*PROBLEM REQUIREMENTS:* From the material below, copy exactly the lines beginning with the one that contains "Used Ford Transit" and ending with the one that contains "Bizarre Restaurant Chapter"; the pictures stay out.

*** DATA SHOWN ***

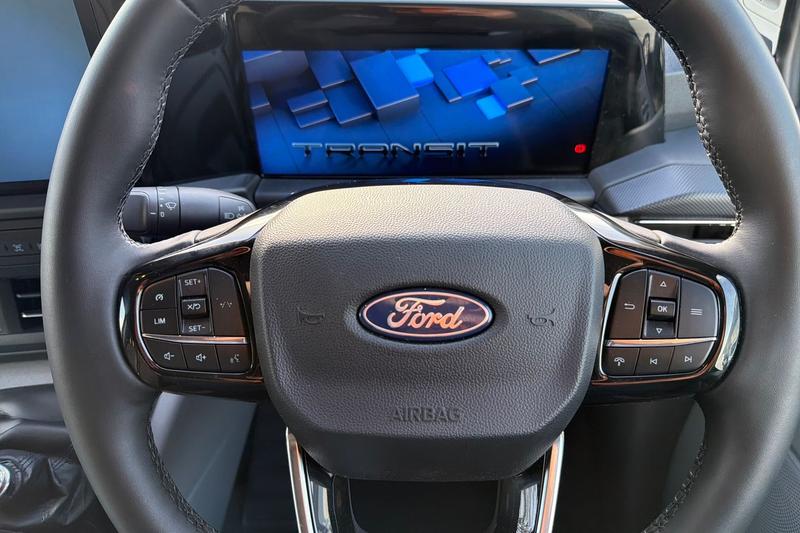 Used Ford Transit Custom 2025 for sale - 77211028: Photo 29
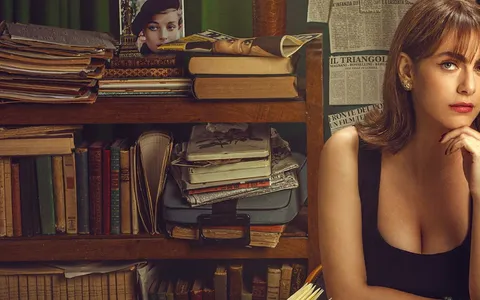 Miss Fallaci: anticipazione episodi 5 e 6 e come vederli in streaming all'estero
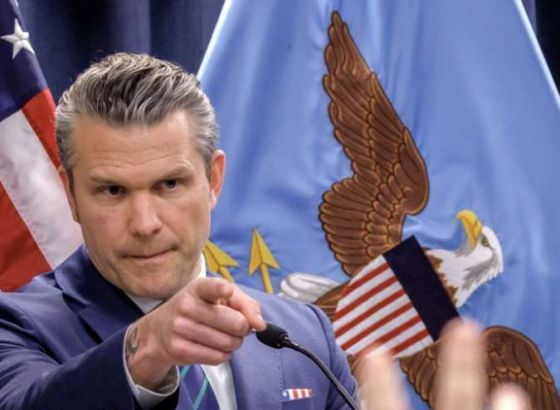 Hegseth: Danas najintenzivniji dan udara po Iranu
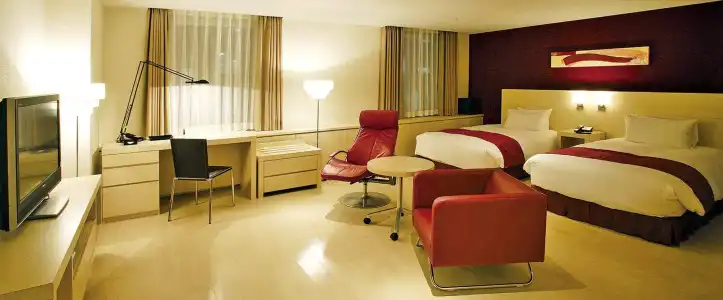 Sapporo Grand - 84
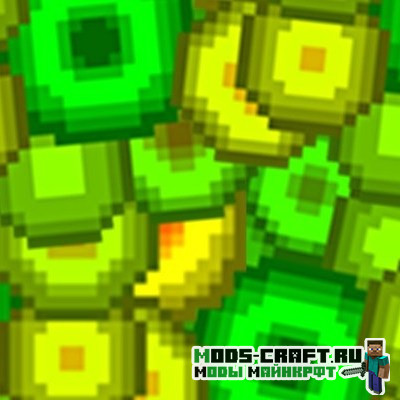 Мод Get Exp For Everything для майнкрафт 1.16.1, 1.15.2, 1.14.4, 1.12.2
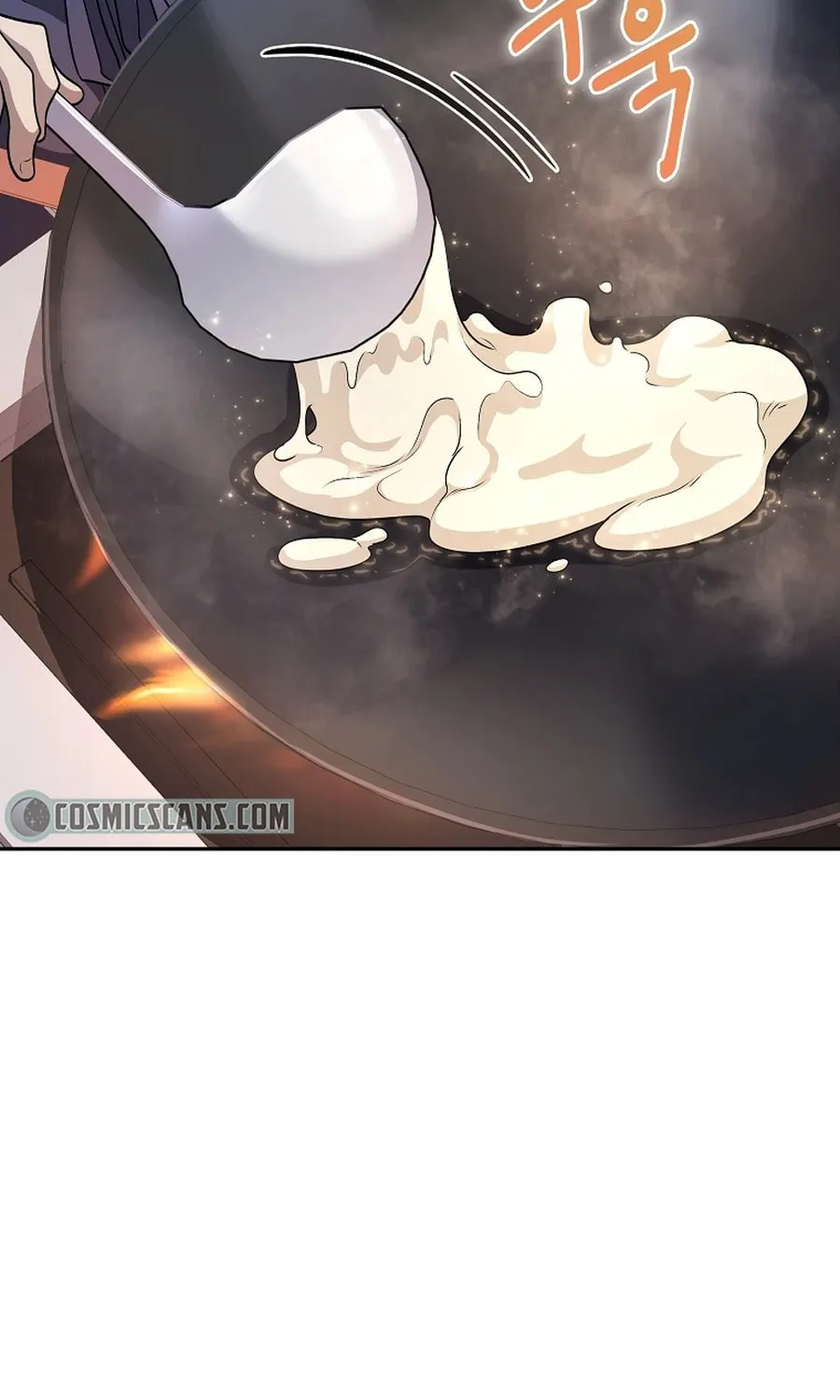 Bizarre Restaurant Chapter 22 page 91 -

*** End of DATA SHOWN ***
*** DATA SHOWN ***

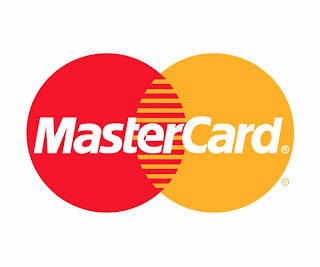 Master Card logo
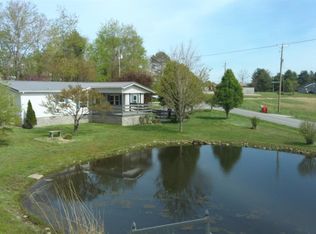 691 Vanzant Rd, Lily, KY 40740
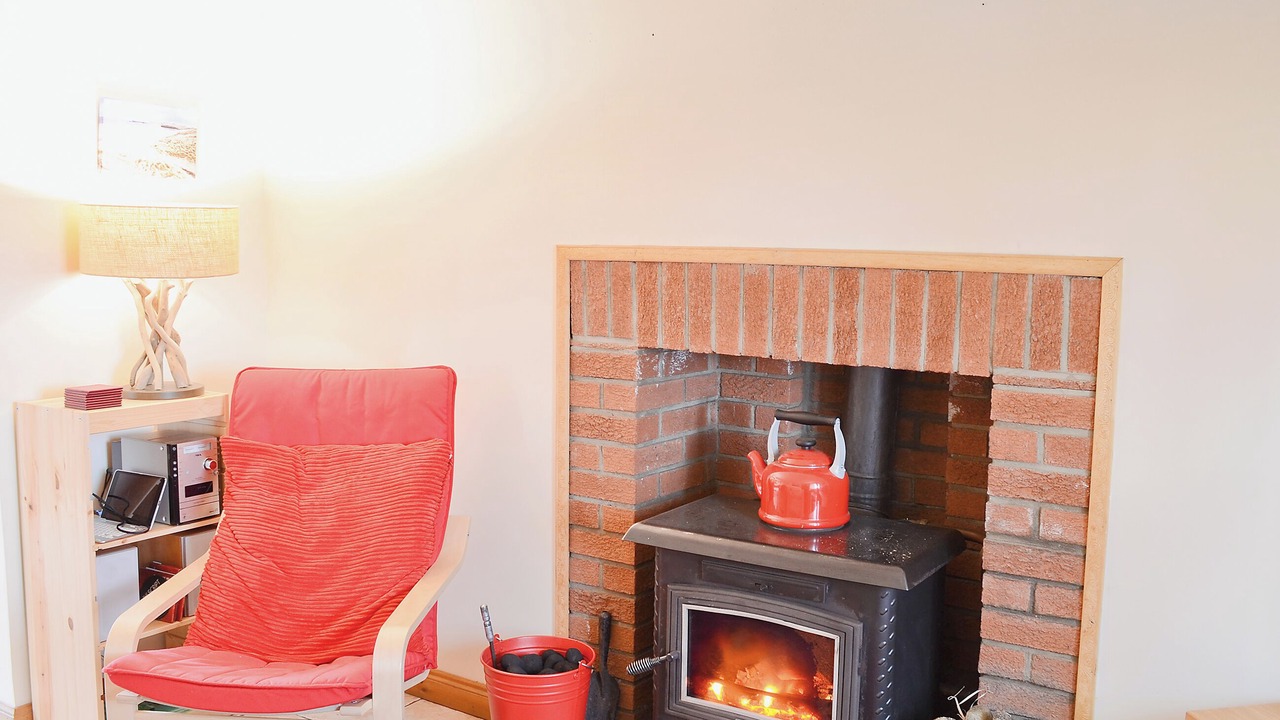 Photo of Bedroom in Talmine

*** End of DATA SHOWN ***
*** DATA SHOWN ***

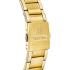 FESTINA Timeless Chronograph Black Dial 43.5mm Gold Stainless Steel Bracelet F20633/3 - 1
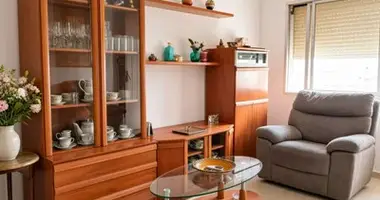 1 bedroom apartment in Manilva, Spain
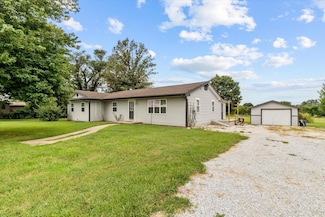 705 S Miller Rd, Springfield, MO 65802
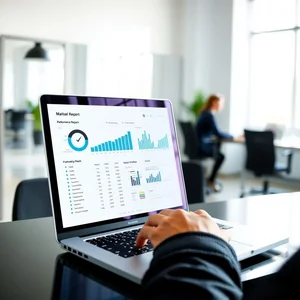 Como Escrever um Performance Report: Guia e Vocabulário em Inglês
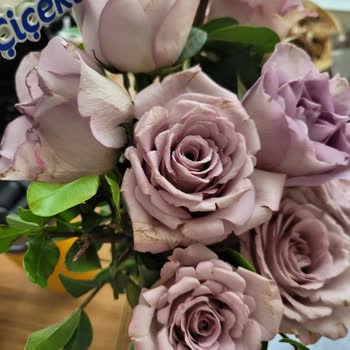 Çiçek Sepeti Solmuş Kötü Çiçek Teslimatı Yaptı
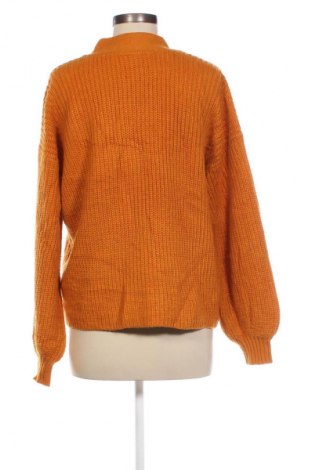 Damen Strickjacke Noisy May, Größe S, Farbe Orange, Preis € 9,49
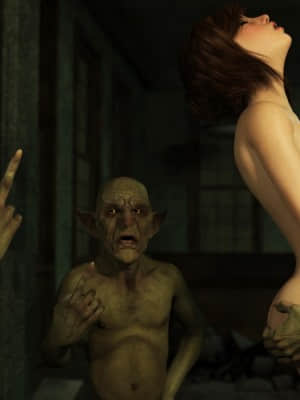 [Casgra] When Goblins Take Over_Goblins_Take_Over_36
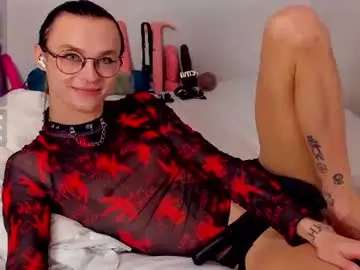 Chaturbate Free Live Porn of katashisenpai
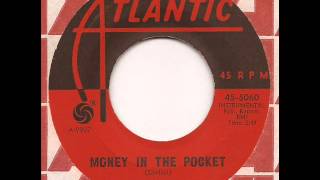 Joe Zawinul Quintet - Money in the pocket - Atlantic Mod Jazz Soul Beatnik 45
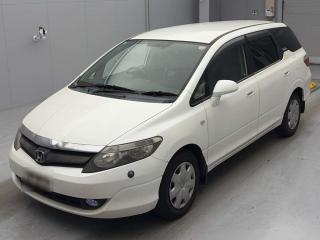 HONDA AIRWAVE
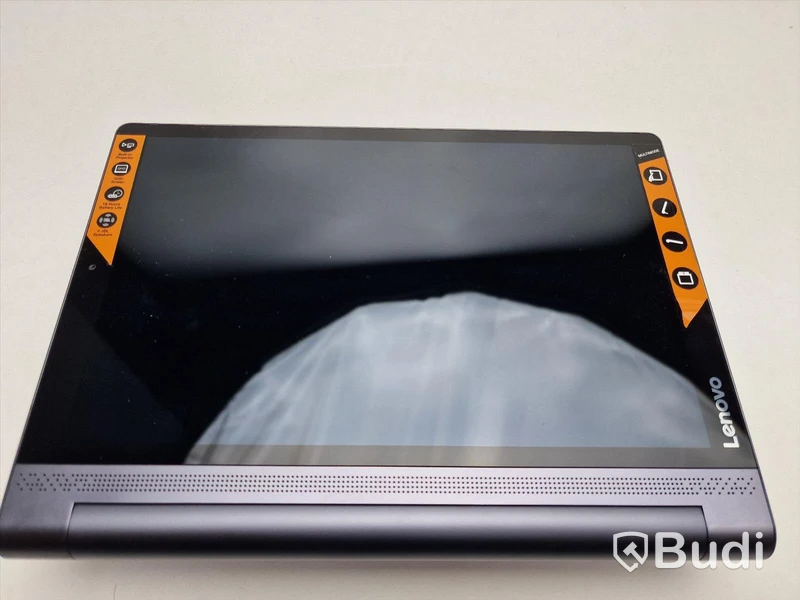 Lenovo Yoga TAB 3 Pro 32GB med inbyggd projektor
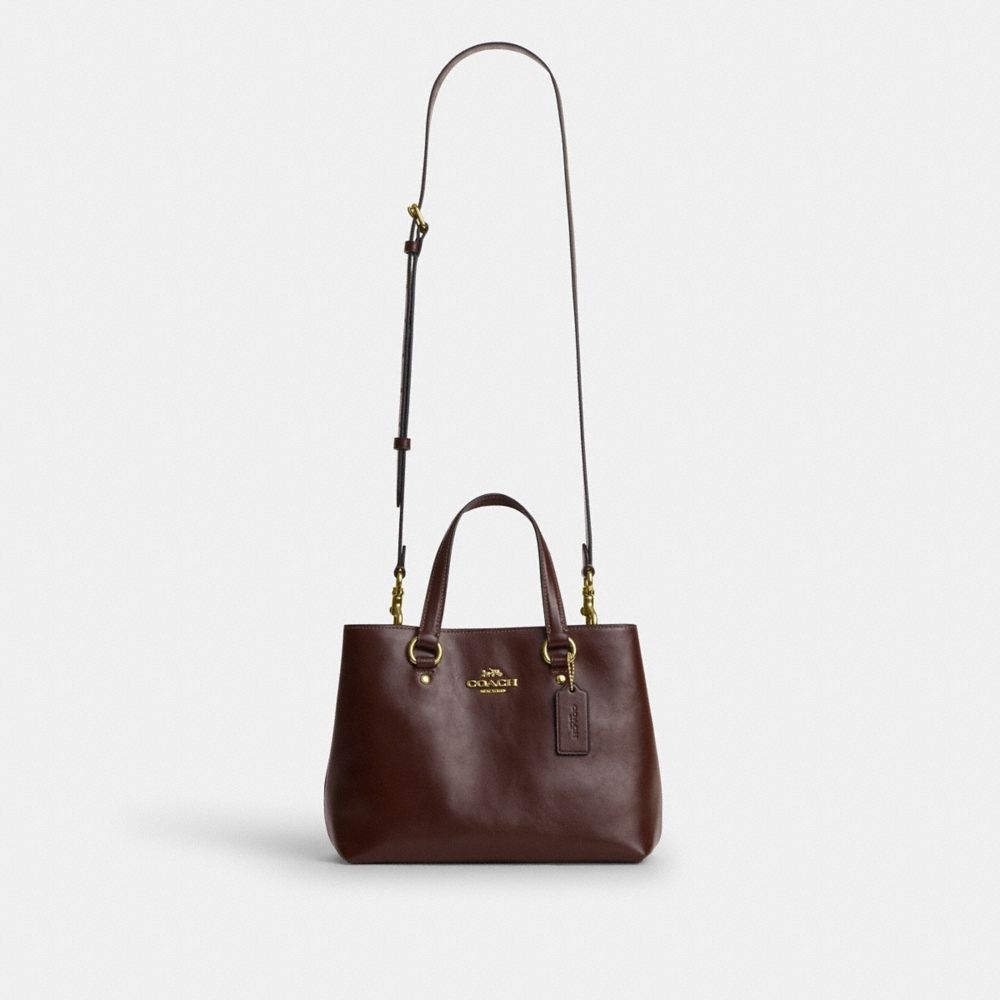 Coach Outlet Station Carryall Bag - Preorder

*** End of DATA SHOWN ***

*SOLUTION:*
 Used Ford Transit Custom 2025 for sale - 77211028: Photo 29
 Miss Fallaci: anticipazione episodi 5 e 6 e come vederli in streaming all'estero
 Hegseth: Danas najintenzivniji dan udara po Iranu
 Sapporo Grand - 84
 Мод Get Exp For Everything для майнкрафт 1.16.1, 1.15.2, 1.14.4, 1.12.2
 Bizarre Restaurant Chapter 22 page 91 -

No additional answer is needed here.